=== Section Start ===

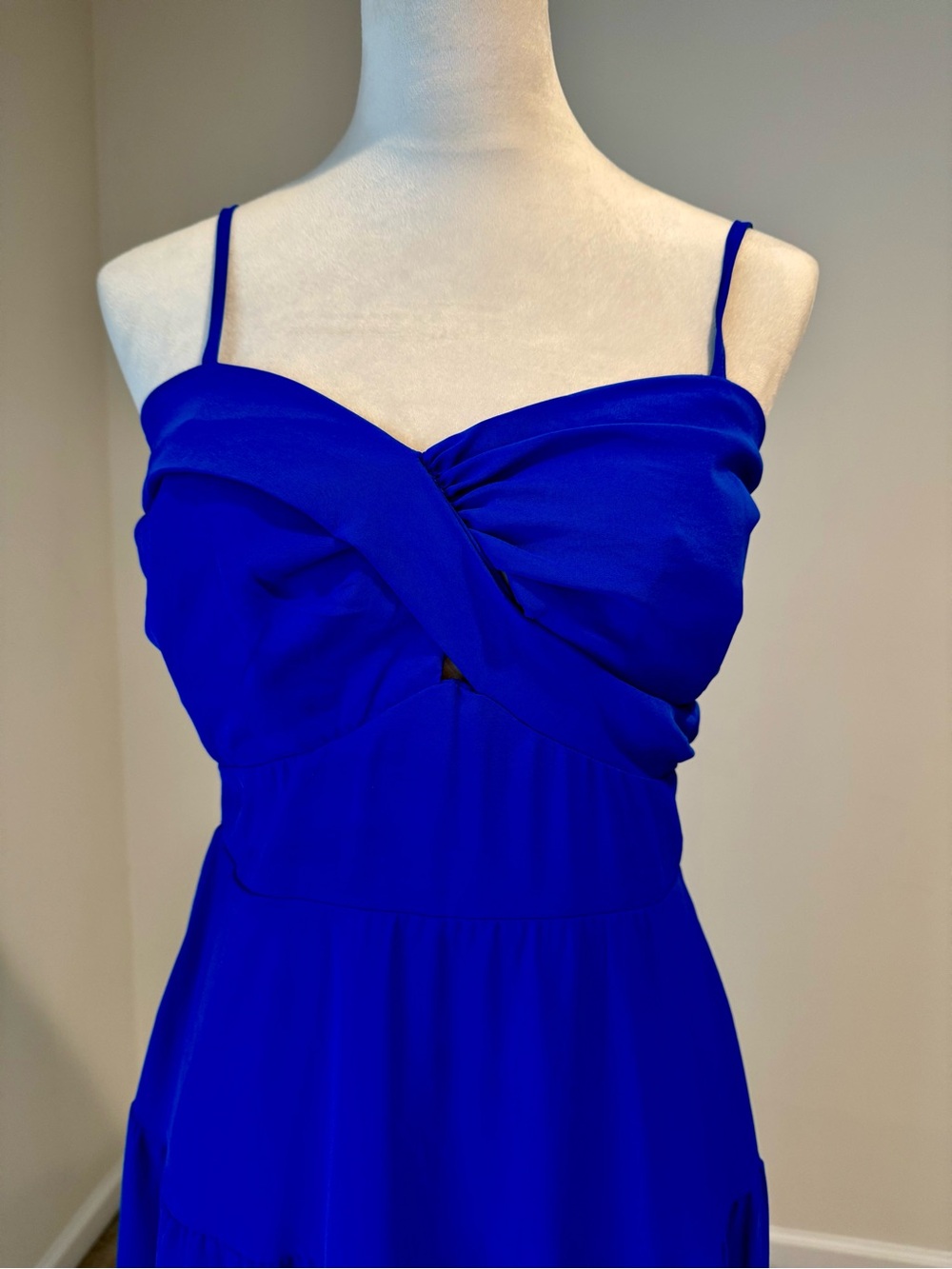 Royal Blue Twist-Front Midi Dress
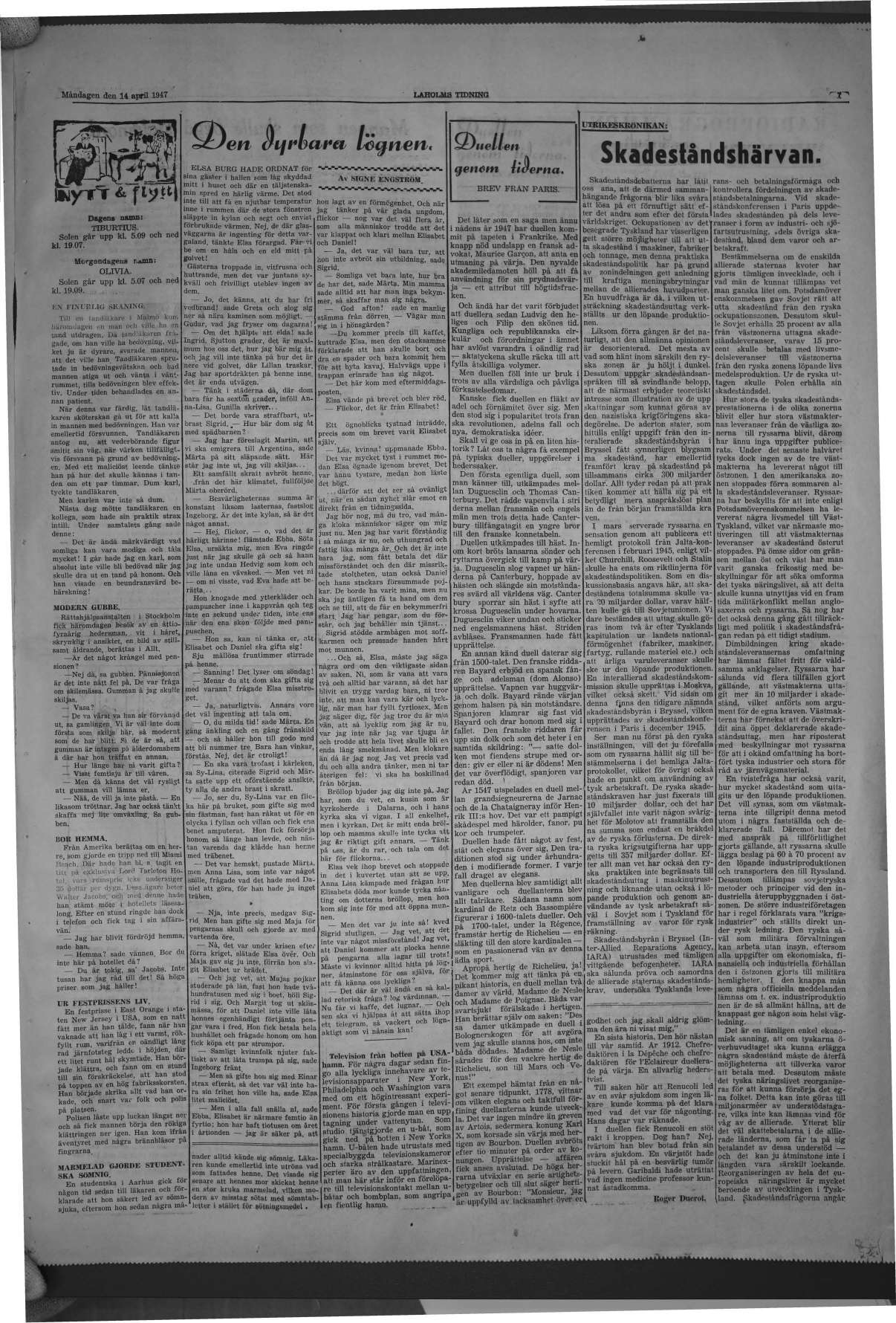 Laholms Tidning Måndag 14 april 1947, sida 7
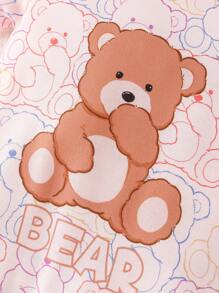 SHEIN Rompers Em bé Nút Tương phản ràng buộc Hoạt hình Lá thư - Hồng - Xem 5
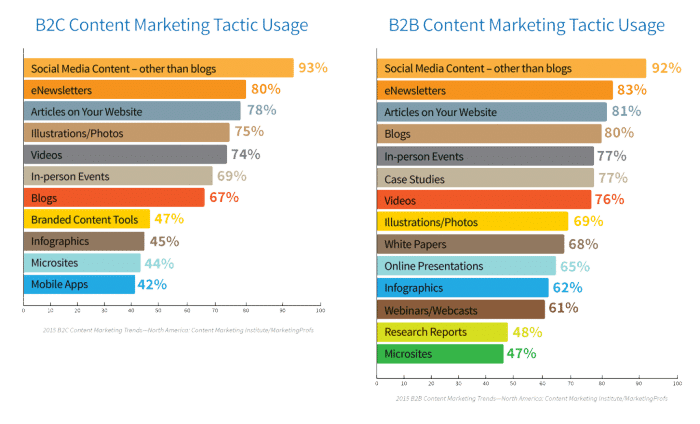 perbandingan penggunaan taktik pemasaran konten B2B dan B2C yang memengaruhi preferensi format informasi generasi muda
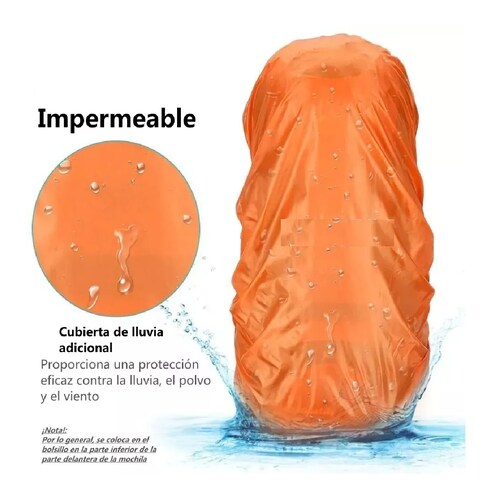 Mochila 60 L Senderismo Campismo Impermeable Cubierta Lluvia Negro
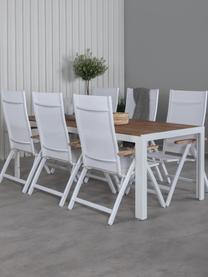 Składane krzesło ogrodowe Panama, Stelaż: aluminium, lakierowane, Biały, drewno tekowe, S 58 x G 75 cm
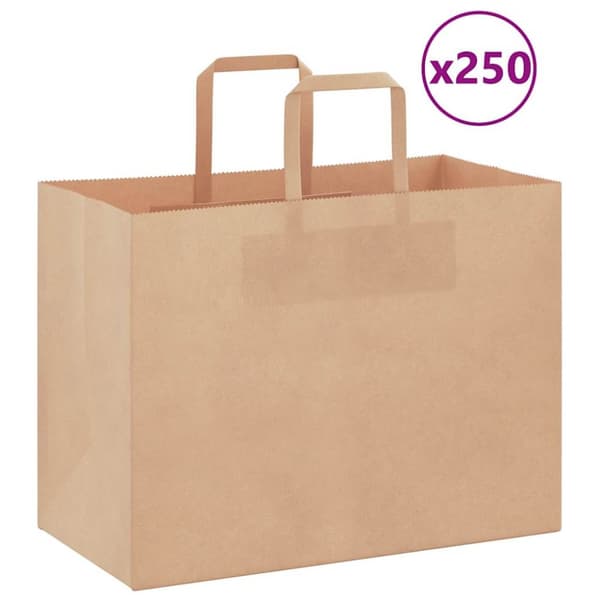 Kraftpapperspåsar 250 st med handtag brun 32x17x25 cm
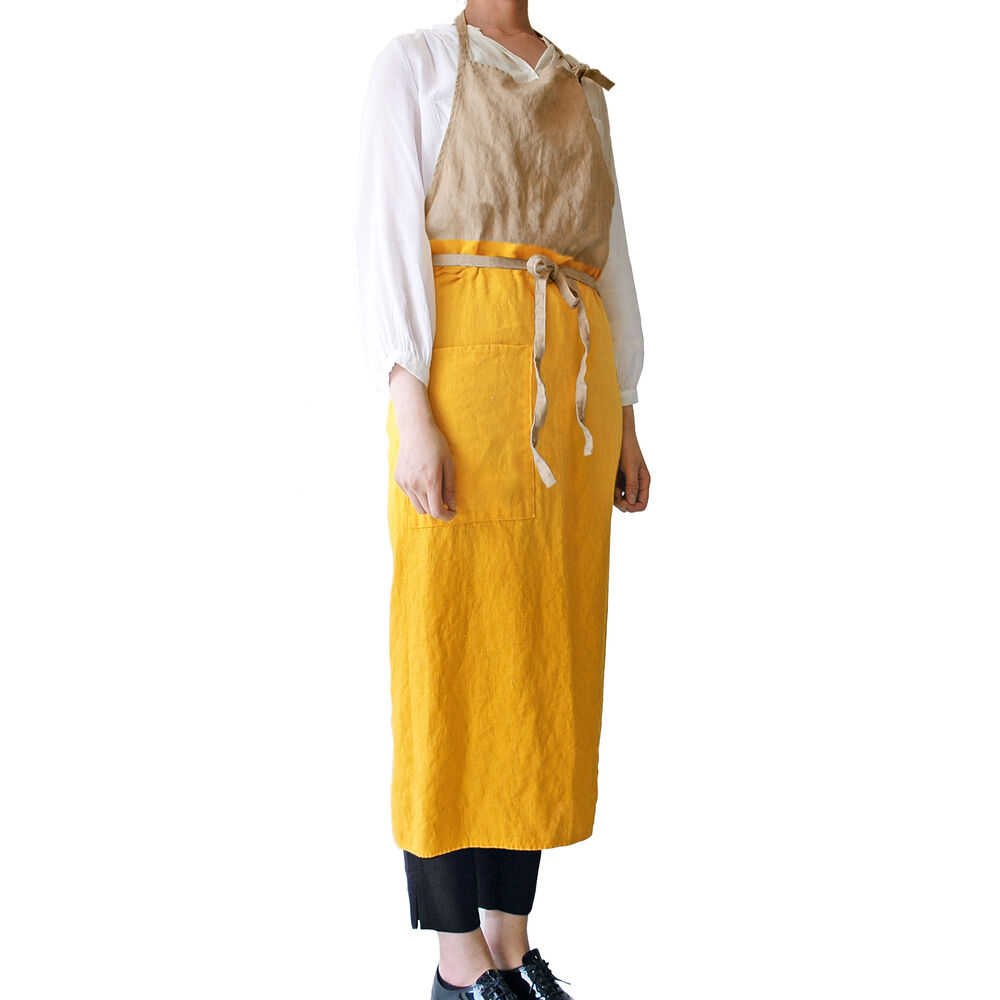 BACKYARD FAMILY「おしゃれ エプロン リネン 通販 ロングエプロン ワークエプロン レディース 前掛け ロング丈」|その他|イエロー1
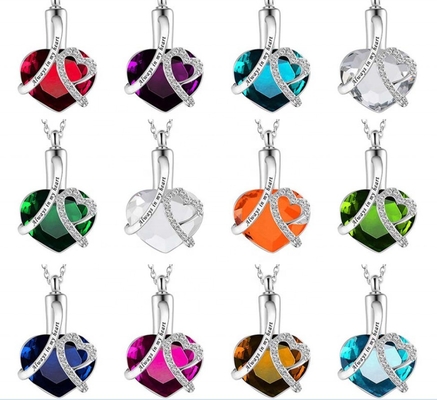 Stainless Steel Heart Locket Screw Necklace for Memorial Ashes Keepsake Pendant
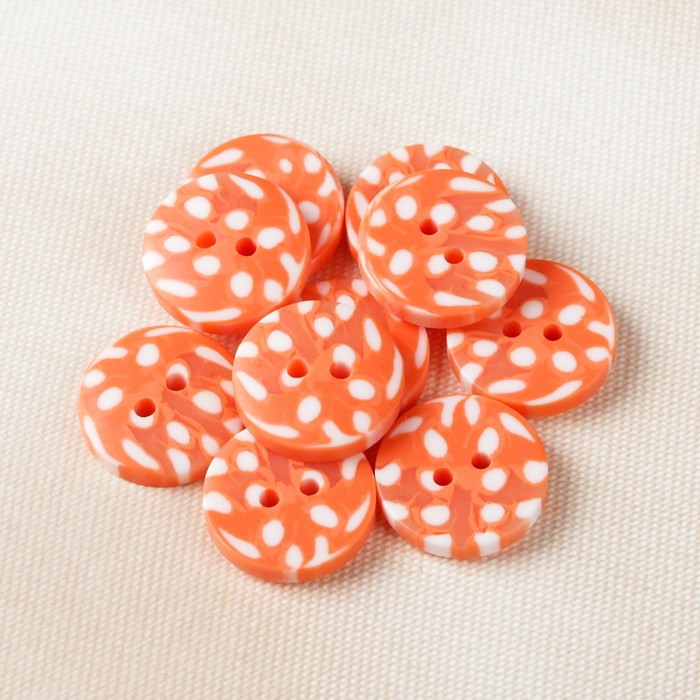 Пуговица, 2 прокола, 20,5мм, цвет оранжево-белый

=== Section End ===

◆ **Problem details**:
Only an exact copy of the lines from the one with "BACKYARD FAMILY「おしゃれ エプロン" through the last line of the listing should be given; pictures must not be included.

◆ **Expected answer**:
 BACKYARD FAMILY「おしゃれ エプロン リネン 通販 ロングエプロン ワークエプロン レディース 前掛け ロング丈」|その他|イエロー1
 Stainless Steel Heart Locket Screw Necklace for Memorial Ashes Keepsake Pendant
 Пуговица, 2 прокола, 20,5мм, цвет оранжево-белый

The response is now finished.